Im Anschluss an den Vortrag von Giovanni Maio wird Professor Dr. med. Jens Martin Rohrbach einen Blick zurück in die Vergangenheit werfen, auf ein großes ärztliches Vorbild, und die Frage stellen: Was hätte wohl Albrecht von Graefe zu den heutigen Bedingungen gesagt? Wie der Gründer der DOG genau indizierte, wissen wir zwar nicht. Wir können es uns aber anhand des überlieferten, umfangreichen Schrifttums gut denken. Unbeschadet des Umstands, dass Graefe nicht umsonst arbeitete und er bei Wohlhabenden durchaus auf einem Honorar bestand, ging es ihm ganz unabhängig von jeglicher Ökonomie zu allererst um das Wohl der Kranken. Dabei orientierte er sich stets an Wissenschaft und Wahrheit. Die eine oder andere der heutigen Entwicklungen hätte Albrecht von Graefe deshalb wahrscheinlich kritisch gesehen.

Der gebürtige Italiener Professor Dr. med. Giovanni Maio studierte Medizin und Philosophie und war anschließend als Internist tätig. Im Jahr 2002 berief die Bundesregierung ihn in die Zentrale Ethikkommission für Stammzellenforschung. Er ist außerdem Mitglied verschiedener Ethikbeiräte, wie zum Beispiel des Ausschusses für ethische und juristische Grundsatzfragen der Bundesärztekammer. Seit 2005 ist Maio Direktor des Interdisziplinären Ethikzentrums in Freiburg und des Instituts für Ethik und Geschichte der Medizin. Seine Lehrtätigkeiten wurden mehrfach mit Preisen ausgezeichnet. In über 300 Publikationen hat sich Maio mit ethischen Grundfragen des ärztlichen Handelns und des medizintechnischen Fortschritts auseinandergesetzt. Er kritisiert die Machbarkeitsvorstellungen einer technisierten Medizin und tritt für eine neue Ethik der Besonnenheit ein.

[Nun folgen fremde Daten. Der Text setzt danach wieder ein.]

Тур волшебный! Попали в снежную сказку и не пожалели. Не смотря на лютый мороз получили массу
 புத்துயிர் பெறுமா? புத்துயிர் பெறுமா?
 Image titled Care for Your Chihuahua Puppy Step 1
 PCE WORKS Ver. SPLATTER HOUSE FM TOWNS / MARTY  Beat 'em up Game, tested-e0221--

Professor Dr. med. Jens Martin Rohrbach, Leiter des Forschungsbereichs Geschichte der Augenheilkunde an der Medizinischen Fakultät der Eberhardt Karls Universität Tübingen, hat sich jahrzehntelang der Geschichte der Augenheilkunde gewidmet und deren Gegenwart und Zukunft im historischen Kontext reflektiert. Er ist Autor der Monografie „Augenheilkunde im Nationalsozialismus“, Mit-Herausgeber des Schriftwechsels „Albrecht von Graefe an Frans Cornelis Donders: Briefe 1852 bis 1870“ und Verfasser der neuen von-Graefe-Biographie „Zum 150. Todestag. Albrecht von Graefe (1828-1870). Das Gewissen der Augenheilkunde in Deutschland.“ Martin Rohrbachs klinischer Schwerpunkt liegt auf den Erkrankungen der vorderen Augenabschnitte, seine Forschungsschwerpunkte vor allem in der Ophthalmopathologie von Erkrankungen der Hornhaut, Tumoren des Auges und dem Sekundärglaukom. Rohrbach ist Autor von über 230 Originalarbeiten und mehreren Lehrbüchern.